*TASK DIRECTIONS*. Without including any image, repeat every record exactly.

Entries taken from a collection
Start of Block

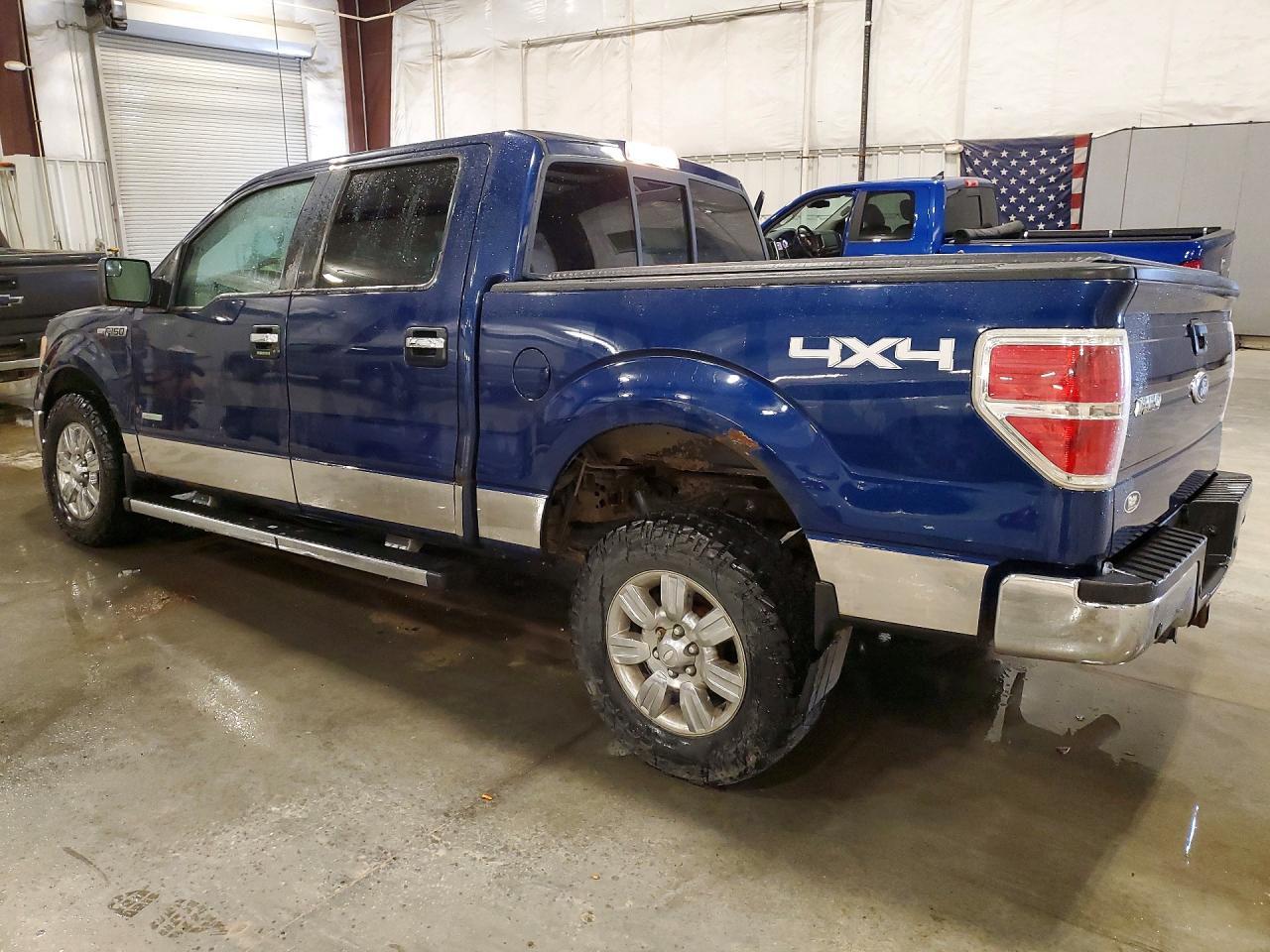 2011 Ford F150 Supercrew - Image 2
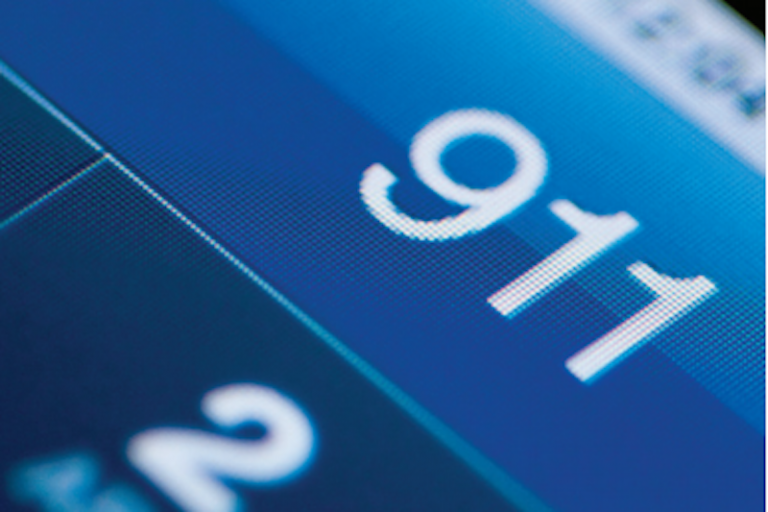 Ven con buenos ojos el 911. Foto: Especial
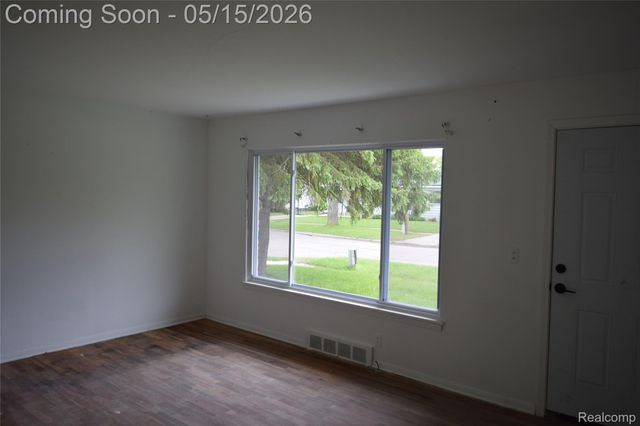6087 Natchez Drive, Mt. Morris Township, MI 48458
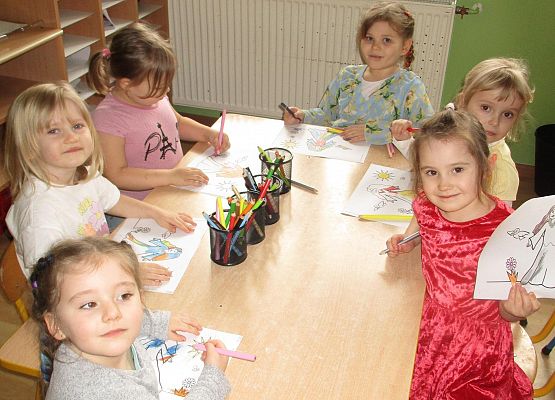 Grafika 73: Wiosno, Wiosenko odezwij do nas się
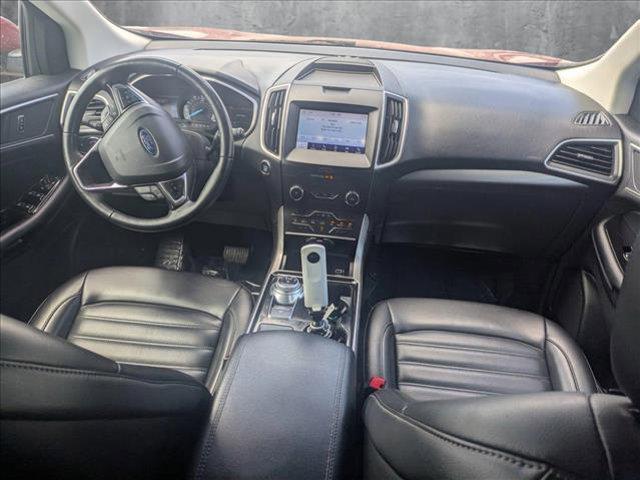 used 2020 Ford Edge car, priced at $20,000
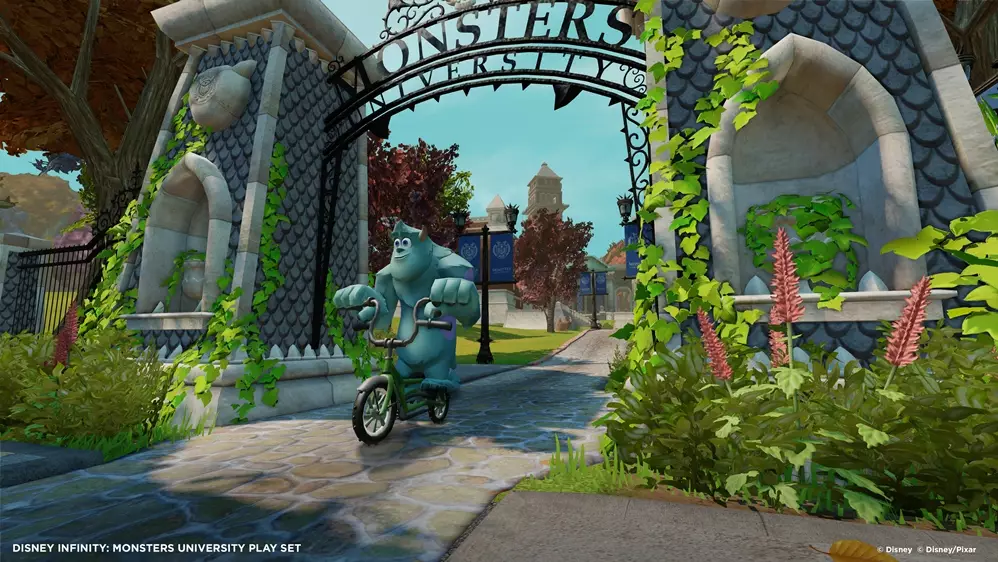 -Disney Infinity-游戏截图-好玩游戏库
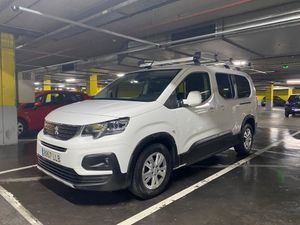 Peugeot Rifter Allure Long BlueHDi 100 BACA  GRANDE - Foto 15
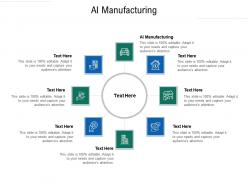 Ai manufacturing ppt powerpoint presentation styles master slide cpb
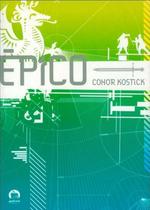 Épico - Conor Kostick - Galera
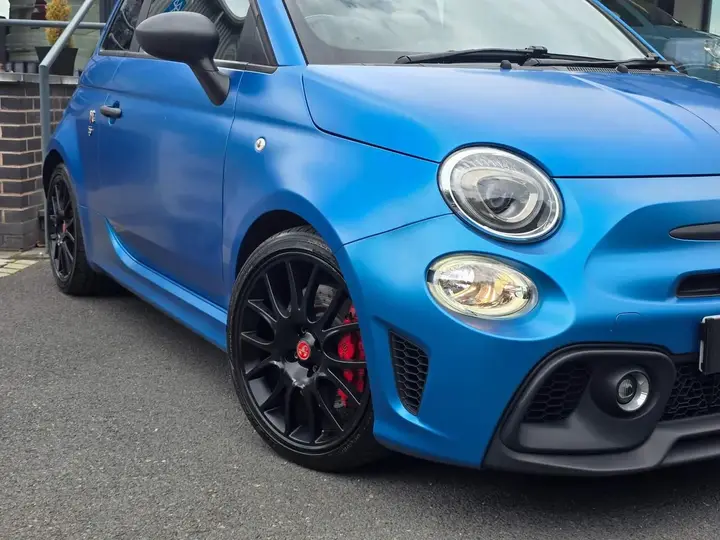Abarth 595C 2022 photo 5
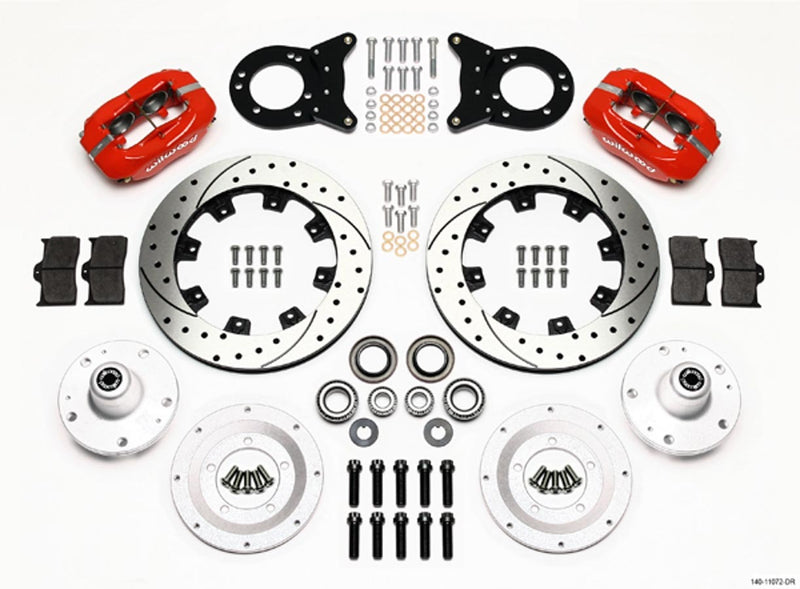FDL FRONT KIT 12.19    DRILL-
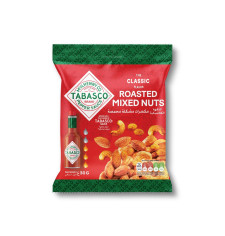 Tabasco Roasted Mixed Nuts 30g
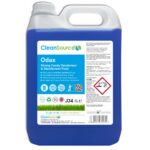 CleanSource® Odax Candy Virucidal Deodoriser & Disinfectant 5L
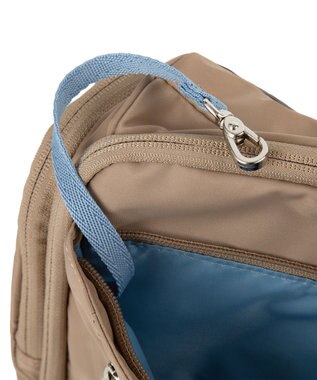 ACE BAGS & LUGGAGE kanana project PJ3-e リュックサック 横 B4 15.6インチPC収納 68823 カナナ ベージュ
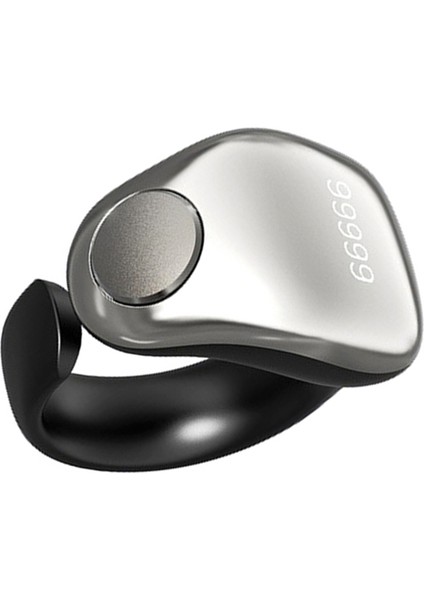 Akıllı Tasbeeh Yüzüğü Islami Tally Müslümanlar Için Dijital Sayacı Övgü Dua Hatırlatma Manyetik Şarj Su Geçirmez B (Yurt Dışından) fırsatları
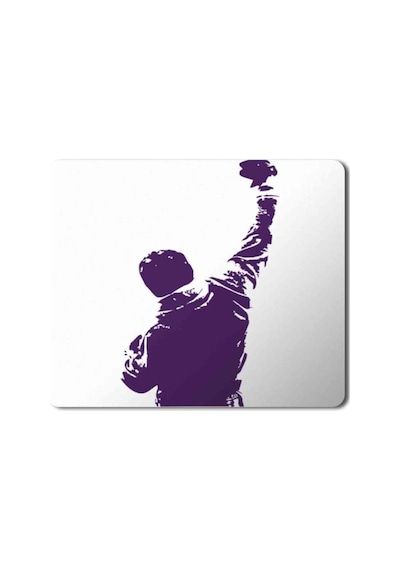 Rocky Balboa Apollo Creed Mouse Pad Mousepad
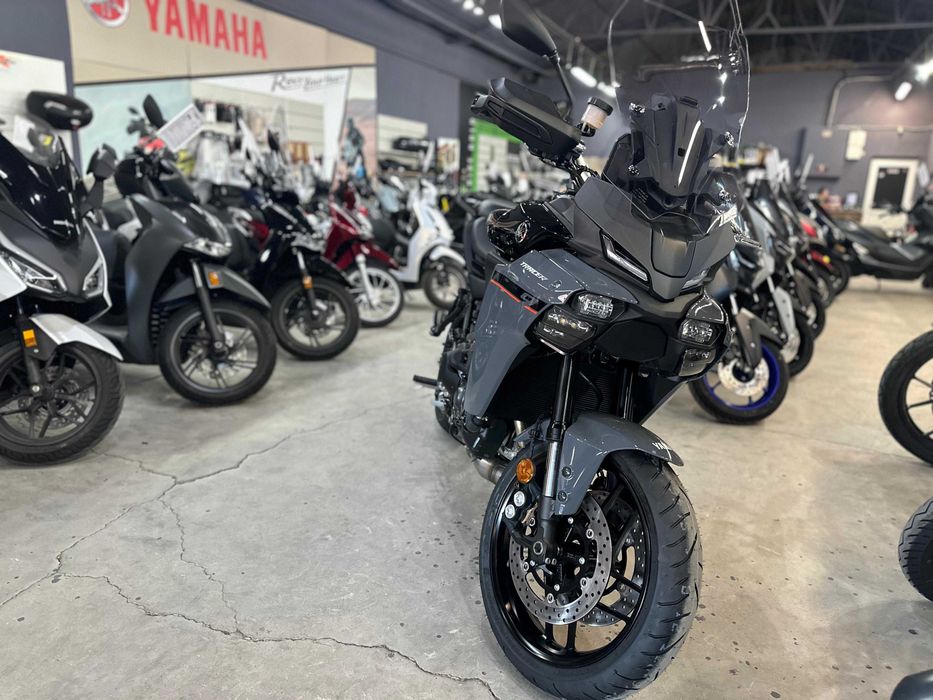Yamaha Tracer 9 2025 - nou - 0 km  - Yamaha Constanta by EST BIKE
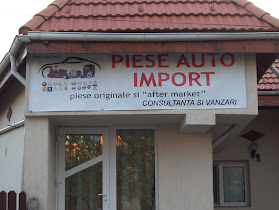 Piese Auto Import Cristian Bunea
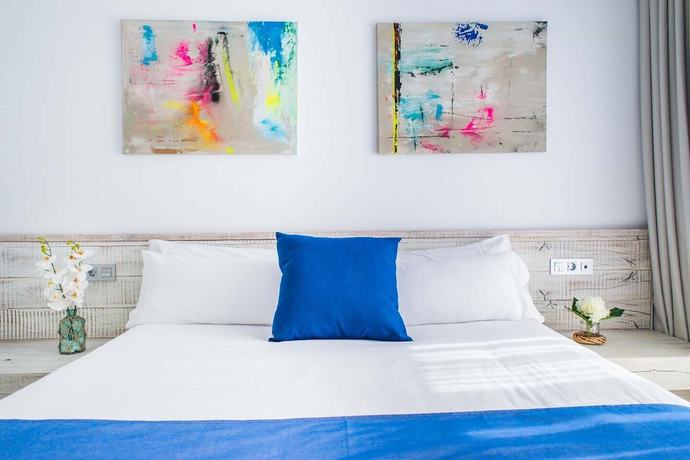 Imagen de la habitación del Hotel Vacanzy Urban Boutique - Adults Only. Foto 10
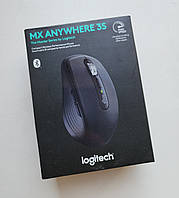 Миша Logitech MX Anywhere 3S Black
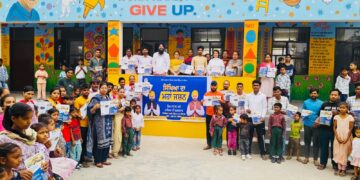 ਮਾਨ ਸਰਕਾਰ ਨੇ 19 ਹਜ਼ਾਰ ਤੋਂ ਵੱਧ ਸਰਕਾਰੀ ਸਕੂਲਾਂ ਵਿੱਚ ਮੈਗਾ ਪੀ.ਟੀ.ਐਮ. ਕਰਵਾ ਕੇ ਸਿੱਖਿਆ ਵਿੱਚ ਪੰਜਾਬ ਦੀ ਅੱਵਲ ਦਰਜਾਬੰਦੀ ਦਾ ਜਸ਼ਨ ਮਨਾਇਆ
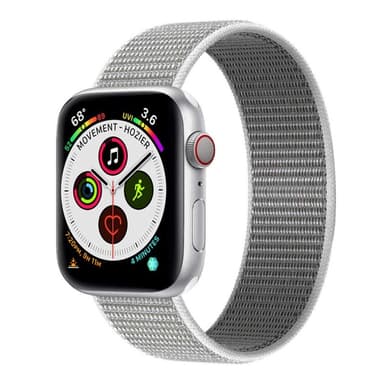 Apple Watch 6 (44 mm) nylonrannekoru - SeaKUORI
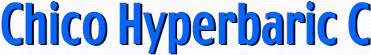 Chico Hyperbaric Center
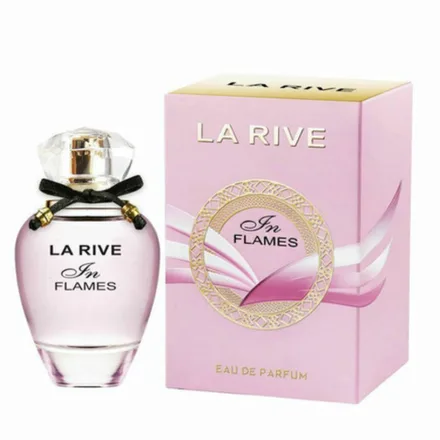 Perfume La Rive In Flames Fem Edp 90ml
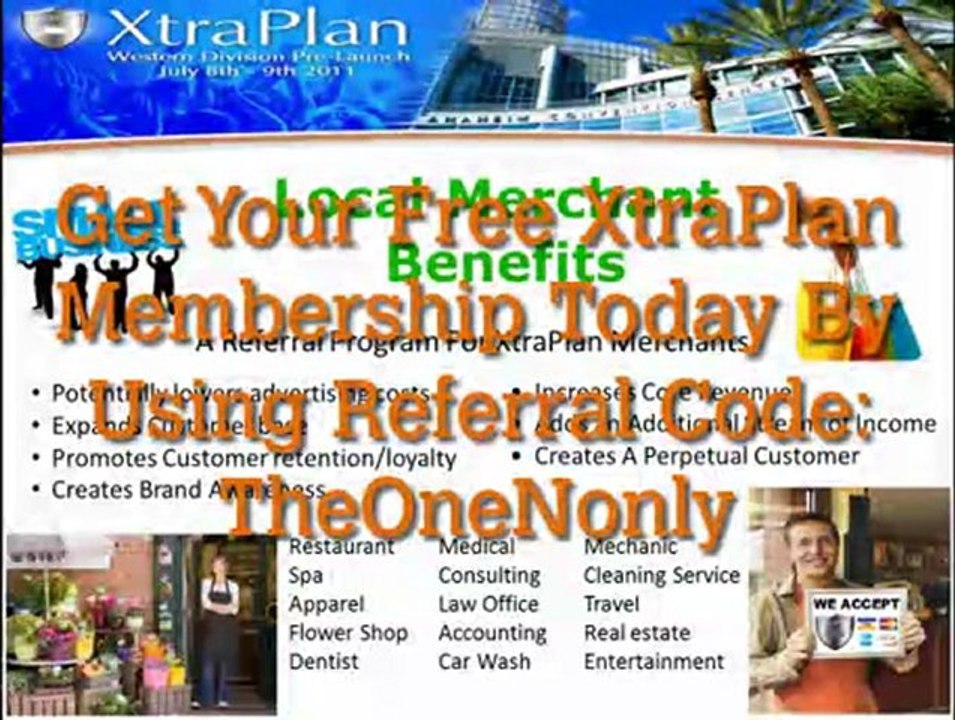 XtraPlan eMerchant Program and Small Businesses Benefits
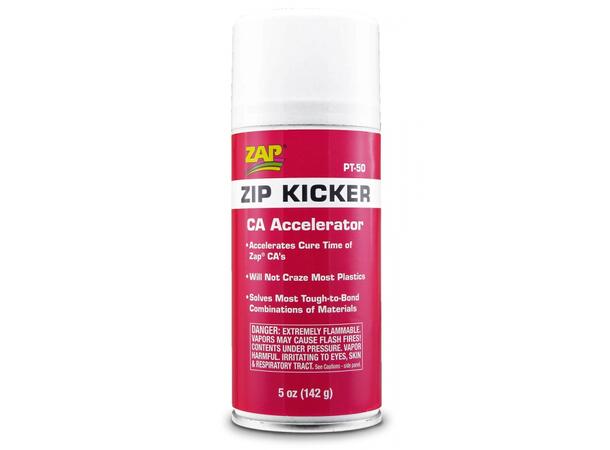 Pacer Kicker/hurtiglim Akselerator 142g Aerosol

End of Block

*ANSWER SECTION*.
 2011 Ford F150 Supercrew - Image 2
 Ven con buenos ojos el 911. Foto: Especial
6087 Natchez Drive, Mt. Morris Township, MI 48458
 Grafika 73: Wiosno, Wiosenko odezwij do nas się
 used 2020 Ford Edge car, priced at $20,000
 -Disney Infinity-游戏截图-好玩游戏库
 Peugeot Rifter Allure Long BlueHDi 100 BACA  GRANDE - Foto 15
 Ai manufacturing ppt powerpoint presentation styles master slide cpb
 Épico - Conor Kostick - Galera
Abarth 595C 2022 photo 5
FDL FRONT KIT 12.19    DRILL-
 Tabasco Roasted Mixed Nuts 30g
 CleanSource® Odax Candy Virucidal Deodoriser & Disinfectant 5L
 ACE BAGS & LUGGAGE kanana project PJ3-e リュックサック 横 B4 15.6インチPC収納 68823 カナナ ベージュ
 Akıllı Tasbeeh Yüzüğü Islami Tally Müslümanlar Için Dijital Sayacı Övgü Dua Hatırlatma Manyetik Şarj Su Geçirmez B (Yurt Dışından) fırsatları
 Rocky Balboa Apollo Creed Mouse Pad Mousepad
Yamaha Tracer 9 2025 - nou - 0 km  - Yamaha Constanta by EST BIKE
 Piese Auto Import Cristian Bunea
 Imagen de la habitación del Hotel Vacanzy Urban Boutique - Adults Only. Foto 10
 Миша Logitech MX Anywhere 3S Black
 ਮਾਨ ਸਰਕਾਰ ਨੇ 19 ਹਜ਼ਾਰ ਤੋਂ ਵੱਧ ਸਰਕਾਰੀ ਸਕੂਲਾਂ ਵਿੱਚ ਮੈਗਾ ਪੀ.ਟੀ.ਐਮ. ਕਰਵਾ ਕੇ ਸਿੱਖਿਆ ਵਿੱਚ ਪੰਜਾਬ ਦੀ ਅੱਵਲ ਦਰਜਾਬੰਦੀ ਦਾ ਜਸ਼ਨ ਮਨਾਇਆ
 Apple Watch 6 (44 mm) nylonrannekoru - SeaKUORI
 Chico Hyperbaric Center
 Perfume La Rive In Flames Fem Edp 90ml
 XtraPlan eMerchant Program and Small Businesses Benefits
 Pacer Kicker/hurtiglim Akselerator 142g Aerosol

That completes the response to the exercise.